[Data entries]

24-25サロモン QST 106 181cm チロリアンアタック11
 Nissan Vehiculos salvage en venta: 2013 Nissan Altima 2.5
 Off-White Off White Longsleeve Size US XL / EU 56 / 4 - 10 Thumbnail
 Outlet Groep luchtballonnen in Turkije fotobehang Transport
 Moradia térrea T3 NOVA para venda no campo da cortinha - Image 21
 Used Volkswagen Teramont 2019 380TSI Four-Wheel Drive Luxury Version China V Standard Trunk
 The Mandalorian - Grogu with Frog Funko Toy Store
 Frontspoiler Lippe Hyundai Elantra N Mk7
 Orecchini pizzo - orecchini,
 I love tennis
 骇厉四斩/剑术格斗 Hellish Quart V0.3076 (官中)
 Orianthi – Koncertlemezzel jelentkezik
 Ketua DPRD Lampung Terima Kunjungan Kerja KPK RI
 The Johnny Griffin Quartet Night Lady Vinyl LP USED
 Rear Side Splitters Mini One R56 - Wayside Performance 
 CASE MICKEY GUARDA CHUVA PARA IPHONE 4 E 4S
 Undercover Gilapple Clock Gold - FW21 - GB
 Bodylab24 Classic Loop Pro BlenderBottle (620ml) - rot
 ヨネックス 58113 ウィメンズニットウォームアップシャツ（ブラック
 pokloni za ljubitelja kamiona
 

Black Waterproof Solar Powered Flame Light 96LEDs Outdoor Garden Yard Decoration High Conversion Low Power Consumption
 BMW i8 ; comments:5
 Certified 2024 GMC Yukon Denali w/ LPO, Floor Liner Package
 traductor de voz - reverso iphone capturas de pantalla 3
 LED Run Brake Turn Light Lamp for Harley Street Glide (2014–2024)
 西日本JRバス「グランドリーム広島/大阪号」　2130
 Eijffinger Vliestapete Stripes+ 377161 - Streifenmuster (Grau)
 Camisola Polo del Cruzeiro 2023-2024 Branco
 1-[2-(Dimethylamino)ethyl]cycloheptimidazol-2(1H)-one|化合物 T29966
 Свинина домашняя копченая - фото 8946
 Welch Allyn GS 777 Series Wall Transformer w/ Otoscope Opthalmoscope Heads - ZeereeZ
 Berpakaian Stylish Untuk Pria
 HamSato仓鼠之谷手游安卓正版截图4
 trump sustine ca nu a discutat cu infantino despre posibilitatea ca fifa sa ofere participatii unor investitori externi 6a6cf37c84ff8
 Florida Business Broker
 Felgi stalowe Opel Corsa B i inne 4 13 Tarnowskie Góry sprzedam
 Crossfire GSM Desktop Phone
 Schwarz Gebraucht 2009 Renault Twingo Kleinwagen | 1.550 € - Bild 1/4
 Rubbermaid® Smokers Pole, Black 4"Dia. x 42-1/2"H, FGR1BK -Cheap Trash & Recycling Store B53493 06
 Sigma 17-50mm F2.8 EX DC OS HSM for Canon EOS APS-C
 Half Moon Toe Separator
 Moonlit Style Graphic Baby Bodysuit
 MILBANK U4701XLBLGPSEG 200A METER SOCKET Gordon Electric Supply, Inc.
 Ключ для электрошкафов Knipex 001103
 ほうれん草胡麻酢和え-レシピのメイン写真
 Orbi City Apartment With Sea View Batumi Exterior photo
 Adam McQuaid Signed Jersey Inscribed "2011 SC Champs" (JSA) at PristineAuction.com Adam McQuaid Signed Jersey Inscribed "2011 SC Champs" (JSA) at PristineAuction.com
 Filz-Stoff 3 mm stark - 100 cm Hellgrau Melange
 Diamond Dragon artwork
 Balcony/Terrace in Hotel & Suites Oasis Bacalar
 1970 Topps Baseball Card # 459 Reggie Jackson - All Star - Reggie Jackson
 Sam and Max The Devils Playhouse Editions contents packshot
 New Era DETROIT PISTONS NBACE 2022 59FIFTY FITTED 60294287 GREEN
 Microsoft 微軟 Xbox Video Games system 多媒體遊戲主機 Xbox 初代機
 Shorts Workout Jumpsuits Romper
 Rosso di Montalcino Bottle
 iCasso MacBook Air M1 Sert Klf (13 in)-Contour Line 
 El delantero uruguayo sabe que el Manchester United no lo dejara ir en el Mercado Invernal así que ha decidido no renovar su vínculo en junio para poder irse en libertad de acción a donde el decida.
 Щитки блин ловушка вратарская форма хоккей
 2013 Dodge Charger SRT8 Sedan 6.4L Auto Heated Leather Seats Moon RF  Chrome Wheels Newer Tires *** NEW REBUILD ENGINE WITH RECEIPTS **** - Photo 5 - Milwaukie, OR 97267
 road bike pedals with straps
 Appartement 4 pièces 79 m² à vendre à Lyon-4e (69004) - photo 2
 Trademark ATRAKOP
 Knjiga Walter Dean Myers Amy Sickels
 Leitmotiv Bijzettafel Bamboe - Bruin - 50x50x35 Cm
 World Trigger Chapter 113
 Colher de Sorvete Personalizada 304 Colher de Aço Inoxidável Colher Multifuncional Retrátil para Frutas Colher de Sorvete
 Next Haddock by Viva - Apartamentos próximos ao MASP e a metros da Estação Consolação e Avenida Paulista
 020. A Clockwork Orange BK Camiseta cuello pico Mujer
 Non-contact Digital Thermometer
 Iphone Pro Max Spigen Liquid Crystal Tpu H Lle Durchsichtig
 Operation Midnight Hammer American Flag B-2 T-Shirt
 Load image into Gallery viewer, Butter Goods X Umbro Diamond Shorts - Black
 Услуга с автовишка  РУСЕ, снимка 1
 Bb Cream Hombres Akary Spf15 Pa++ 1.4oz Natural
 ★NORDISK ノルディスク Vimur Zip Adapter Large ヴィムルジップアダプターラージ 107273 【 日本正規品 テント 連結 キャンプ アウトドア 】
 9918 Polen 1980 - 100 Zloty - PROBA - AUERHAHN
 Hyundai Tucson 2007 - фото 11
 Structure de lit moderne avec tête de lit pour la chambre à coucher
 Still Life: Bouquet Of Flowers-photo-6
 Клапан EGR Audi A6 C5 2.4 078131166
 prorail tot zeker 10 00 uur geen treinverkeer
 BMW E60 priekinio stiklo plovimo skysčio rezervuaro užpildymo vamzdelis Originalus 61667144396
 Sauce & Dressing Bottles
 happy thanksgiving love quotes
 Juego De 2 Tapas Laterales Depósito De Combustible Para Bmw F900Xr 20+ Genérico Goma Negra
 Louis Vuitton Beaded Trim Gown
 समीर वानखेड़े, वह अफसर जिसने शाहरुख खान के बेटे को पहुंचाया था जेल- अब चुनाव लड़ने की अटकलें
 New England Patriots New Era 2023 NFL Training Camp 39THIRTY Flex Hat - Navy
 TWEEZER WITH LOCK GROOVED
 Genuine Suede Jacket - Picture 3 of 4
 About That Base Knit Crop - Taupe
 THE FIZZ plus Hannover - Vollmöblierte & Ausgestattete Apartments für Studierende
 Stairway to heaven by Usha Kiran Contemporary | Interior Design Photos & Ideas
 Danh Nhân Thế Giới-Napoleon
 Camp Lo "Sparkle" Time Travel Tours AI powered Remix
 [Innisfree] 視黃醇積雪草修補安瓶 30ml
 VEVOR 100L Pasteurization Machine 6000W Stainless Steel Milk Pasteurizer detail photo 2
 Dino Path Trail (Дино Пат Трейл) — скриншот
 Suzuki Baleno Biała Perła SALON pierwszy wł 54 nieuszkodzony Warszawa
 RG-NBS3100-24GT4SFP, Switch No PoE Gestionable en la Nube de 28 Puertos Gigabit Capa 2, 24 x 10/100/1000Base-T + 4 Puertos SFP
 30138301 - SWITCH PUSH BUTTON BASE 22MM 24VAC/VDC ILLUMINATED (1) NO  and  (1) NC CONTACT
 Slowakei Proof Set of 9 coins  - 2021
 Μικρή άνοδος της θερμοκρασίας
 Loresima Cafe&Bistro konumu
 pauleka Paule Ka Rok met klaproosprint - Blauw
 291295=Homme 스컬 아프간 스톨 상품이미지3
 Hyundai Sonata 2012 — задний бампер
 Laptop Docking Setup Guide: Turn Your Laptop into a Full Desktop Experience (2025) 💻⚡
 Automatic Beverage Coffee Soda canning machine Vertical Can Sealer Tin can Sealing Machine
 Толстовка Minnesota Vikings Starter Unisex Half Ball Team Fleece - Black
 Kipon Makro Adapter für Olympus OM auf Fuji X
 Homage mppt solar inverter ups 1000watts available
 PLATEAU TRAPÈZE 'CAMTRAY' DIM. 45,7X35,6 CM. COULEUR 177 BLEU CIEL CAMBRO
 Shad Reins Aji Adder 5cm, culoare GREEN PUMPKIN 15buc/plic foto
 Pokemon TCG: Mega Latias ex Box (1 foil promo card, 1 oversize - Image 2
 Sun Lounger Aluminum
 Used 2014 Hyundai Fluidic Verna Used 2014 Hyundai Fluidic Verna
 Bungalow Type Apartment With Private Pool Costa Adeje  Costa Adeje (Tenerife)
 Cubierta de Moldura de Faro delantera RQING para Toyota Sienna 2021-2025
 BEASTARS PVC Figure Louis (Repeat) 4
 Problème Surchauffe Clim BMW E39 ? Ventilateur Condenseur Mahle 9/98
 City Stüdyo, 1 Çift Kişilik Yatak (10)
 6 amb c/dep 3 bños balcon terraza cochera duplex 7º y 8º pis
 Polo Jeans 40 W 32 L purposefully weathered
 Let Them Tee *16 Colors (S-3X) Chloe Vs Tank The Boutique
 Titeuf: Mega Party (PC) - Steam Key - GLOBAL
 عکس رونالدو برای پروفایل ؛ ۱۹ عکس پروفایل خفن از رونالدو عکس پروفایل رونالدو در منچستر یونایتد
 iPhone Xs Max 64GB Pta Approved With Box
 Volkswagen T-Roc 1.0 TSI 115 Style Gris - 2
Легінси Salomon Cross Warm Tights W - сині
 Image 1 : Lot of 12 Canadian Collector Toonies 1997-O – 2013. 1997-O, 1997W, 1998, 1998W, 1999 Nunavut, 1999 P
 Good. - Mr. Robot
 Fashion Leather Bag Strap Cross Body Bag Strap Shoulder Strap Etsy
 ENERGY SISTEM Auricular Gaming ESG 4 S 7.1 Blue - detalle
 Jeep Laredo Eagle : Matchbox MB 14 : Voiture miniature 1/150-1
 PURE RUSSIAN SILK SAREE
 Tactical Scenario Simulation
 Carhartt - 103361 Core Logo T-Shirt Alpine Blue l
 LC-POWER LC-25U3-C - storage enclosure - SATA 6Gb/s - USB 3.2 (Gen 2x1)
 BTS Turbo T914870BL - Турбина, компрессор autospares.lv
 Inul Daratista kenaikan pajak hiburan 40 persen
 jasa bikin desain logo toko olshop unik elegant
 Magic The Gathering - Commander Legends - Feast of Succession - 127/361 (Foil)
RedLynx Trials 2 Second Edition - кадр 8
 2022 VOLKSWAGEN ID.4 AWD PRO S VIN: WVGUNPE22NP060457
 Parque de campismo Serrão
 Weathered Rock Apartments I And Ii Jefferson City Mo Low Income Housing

Exercise brief:
Show the lines from the data above that contain the string "Adapter".

Task response:
 ★NORDISK ノルディスク Vimur Zip Adapter Large ヴィムルジップアダプターラージ 107273 【 日本正規品 テント 連結 キャンプ アウトドア 】
 Kipon Makro Adapter für Olympus OM auf Fuji X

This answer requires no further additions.